Download or read book Real World Health Care Data Analysis written by Douglas Faries and published by SAS Institute. This book was released on 2020-01-15 with total page 454 pages. Available in PDF, EPUB and Kindle. Book excerpt: Discover best practices for real world data research with SAS code and examples Real world health care data is common and growing in use with sources such as observational studies, patient registries, electronic medical record databases, insurance healthcare claims databases, as well as data from pragmatic trials. This data serves as the basis for the growing use of real world evidence in medical decision-making. However, the data itself is not evidence. Analytical methods must be used to turn real world data into valid and meaningful evidence. Real World Health Care Data Analysis: Causal Methods and Implementation Using SAS brings together best practices for causal comparative effectiveness analyses based on real world data in a single location and provides SAS code and examples to make the analyses relatively easy and efficient. The book focuses on analytic methods adjusted for time-independent confounding, which are useful when comparing the effect of different potential interventions on some outcome of interest when there is no randomization. These methods include: propensity score matching, stratification methods, weighting methods, regression methods, and approaches that combine and average across these methods methods for comparing two interventions as well as comparisons between three or more interventions algorithms for personalized medicine sensitivity analyses for unmeasured confounding

Book Applied Missing Data Analysis in the Health Sciences

Download or read book Applied Missing Data Analysis in the Health Sciences written by Xiao-Hua Zhou and published by John Wiley & Sons. This book was released on 2014-06-30 with total page 260 pages. Available in PDF, EPUB and Kindle. Book excerpt: A modern and practical guide to the essential concepts and ideas for analyzing data with missing observations in the field of biostatistics With an emphasis on hands-on applications, Applied Missing Data Analysis in the Health Sciences outlines the various modern statistical methods for the analysis of missing data. The authors acknowledge the limitations of established techniques and provide newly-developed methods with concrete applications in areas such as causal inference methods and the field of diagnostic medicine.
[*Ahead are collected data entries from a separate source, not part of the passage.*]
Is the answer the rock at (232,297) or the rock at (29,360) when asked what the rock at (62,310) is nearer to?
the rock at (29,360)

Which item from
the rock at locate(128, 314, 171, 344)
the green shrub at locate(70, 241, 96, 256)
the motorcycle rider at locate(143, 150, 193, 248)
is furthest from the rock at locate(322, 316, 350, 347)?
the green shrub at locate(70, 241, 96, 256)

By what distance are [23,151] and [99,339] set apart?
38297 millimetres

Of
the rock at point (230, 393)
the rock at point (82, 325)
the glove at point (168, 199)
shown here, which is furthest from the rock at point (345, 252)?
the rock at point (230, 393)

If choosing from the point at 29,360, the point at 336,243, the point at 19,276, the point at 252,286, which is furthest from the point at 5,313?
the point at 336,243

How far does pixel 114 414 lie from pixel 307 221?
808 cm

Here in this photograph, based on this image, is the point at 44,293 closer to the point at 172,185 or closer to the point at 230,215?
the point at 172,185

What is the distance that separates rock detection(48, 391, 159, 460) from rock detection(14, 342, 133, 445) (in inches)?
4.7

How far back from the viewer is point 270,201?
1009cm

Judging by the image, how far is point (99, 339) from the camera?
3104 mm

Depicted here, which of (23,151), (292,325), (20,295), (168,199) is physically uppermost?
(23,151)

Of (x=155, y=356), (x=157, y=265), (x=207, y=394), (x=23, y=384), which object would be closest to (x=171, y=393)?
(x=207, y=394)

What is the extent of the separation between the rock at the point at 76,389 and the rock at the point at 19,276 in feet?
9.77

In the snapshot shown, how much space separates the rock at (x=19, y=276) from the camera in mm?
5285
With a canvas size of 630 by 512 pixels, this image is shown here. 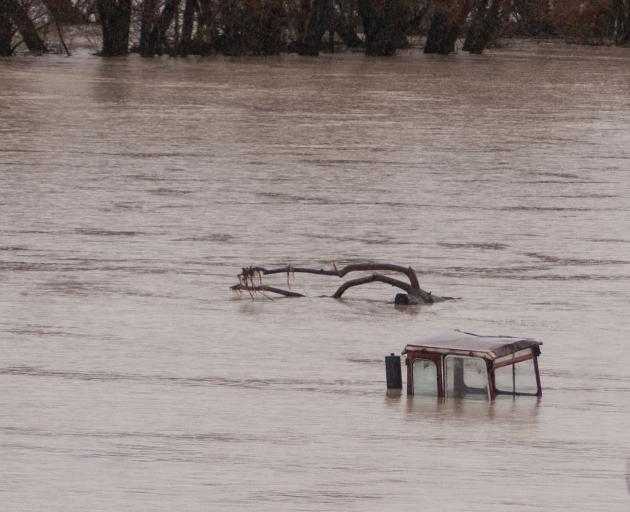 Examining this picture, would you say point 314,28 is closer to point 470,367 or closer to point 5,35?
point 5,35

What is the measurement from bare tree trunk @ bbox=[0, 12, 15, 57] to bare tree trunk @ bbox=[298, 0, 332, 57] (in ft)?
20.8

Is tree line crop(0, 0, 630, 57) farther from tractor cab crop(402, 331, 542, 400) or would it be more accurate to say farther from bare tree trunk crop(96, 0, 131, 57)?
tractor cab crop(402, 331, 542, 400)

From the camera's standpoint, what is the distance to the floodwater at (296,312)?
19.2ft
Organized by types of data, chapter coverage begins with an overall introduction to the existence and limitations of missing data and continues into traditional techniques for missing data inference, including likelihood-based, weighted GEE, multiple imputation, and Bayesian methods. The book’s subsequently covers cross-sectional, longitudinal, hierarchical, survival data. In addition, Applied Missing Data Analysis in the Health Sciences features: Multiple data sets that can be replicated using the SAS®, Stata®, R, and WinBUGS software packages Numerous examples of case studies in the field of biostatistics to illustrate real-world scenarios and demonstrate applications of discussed methodologies Detailed appendices to guide readers through the use of the presented data in various software environments Applied Missing Data Analysis in the Health Sciences is an excellent textbook for upper-undergraduate and graduate-level biostatistics courses as well as an ideal resource for health science researchers and applied statisticians.